To explore this trend more preciously, we start from 1600 seeds and enlarge the number by 100 each time. We perform this experiment four times at each point and get the average. The result is shown in Figure 1. The x-axis shows the number of seeds while the y-axis represents the corresponding ratio. We see this ratio runs to stable when the number of seeds is about 4000. By checking the scores, we find the $1000$th site's TrustRank value is about $3.98\times 10^{-5}$, which is perfectly matched with our estimation in Section 2.

top100ratio

Figure 1: Ratio of average number of seeds in top 100 results to total number of seeds

2 Combating Link Spamming

In order to find out the impact of the number of seeds on the ability of combating link spamming, we use a method similar to that in TrustRank[1]. We generate a list of sites in descending order of their PageRank scores and segment these sites into 20 buckets. Each of the buckets contains a different number of sites with scores summing up to 5% of the total PageRank scores. We construct a sample set of 1000 sites by selecting 50 sites at random from each bucket. Then we perform a manual evaluation to determine their categories. Each site is classified into one of the following categories: reputable, spam, pure directory, and personal blog. Any site uses any spamming techniques will be put into spam category. We throw away the non-existent sites and reselect another one.

bucket-level demotion}

Figure 2: The bucket-level demotion of TrustRank scores with different seed sets

To compare the anti-spamming abilities of different seed sets, we select a small seed set $\mathfrak{X}$ using a method similar to TrustRank [1]. At the same time, we select all the sites in the .gov domain and .edu domain as a large seed set $\mathfrak{L}$. Figure 2 shows the bucket-level demotion of TrustRank scores when using $\mathfrak{X}$ and $\mathfrak{L}$. Good sites (reputable and directory) with high rankings have little demotion, i.e. retain high ranking values. There is no obvious difference when using these two seed sets. The average demotion of the good sites is almost less than 4. However, spam sites have more demotion and using $\mathfrak{L}$ is much better than using $\mathfrak{X}$. The demotions are always larger than 5.8 with $\mathfrak{L}$.

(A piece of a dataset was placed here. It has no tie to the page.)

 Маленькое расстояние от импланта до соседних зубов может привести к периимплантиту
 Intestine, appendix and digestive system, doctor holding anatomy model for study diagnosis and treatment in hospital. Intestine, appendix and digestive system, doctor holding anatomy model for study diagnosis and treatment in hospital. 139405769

4 Conclusion and Future Work

In this paper, we reveal that a large seed set can achieve a better performance than a small seed set on detecting web spam for biased PageRank algorithms. What is more, instead of carefully selecting a small seed set, we can select a large number of seeds automatically. For example, we can just select sites in the .gov and .edu domains as seeds. No doubt that this process is time saving. So when using a large seed set, we can obtain good result as well as simplification of selecting process.

Our future work will explore some unanswered question about seeds selection. For example, how to exploit large seed sets more effectively and can we get ``useful'' bad seeds from good ones? We will focus on these problems in the future.

5 Acknowledgement

This work is supported by NSFC under Grant No.60673129, 60773162 and 60573166, Beijing Natural Science Foundation under Grant No.4073034

REFERENCES

[1] Z. Gyongyi, H. Garcia-Molina, and J. Pedersen. Combating web spam with trustrank. In VLDB '04, 2004.

[2] V. Krishnan and R. Raj. Web spam detection with anti-trust rank. In AIRWeb'06, August 2006.

[4] L. Zhang, Y. Zhang, Y. Zhang, and X. Li. Exploring both content and link quality for anti-spamming. In CIT '06, page 37, Washington, DC, USA, 2006.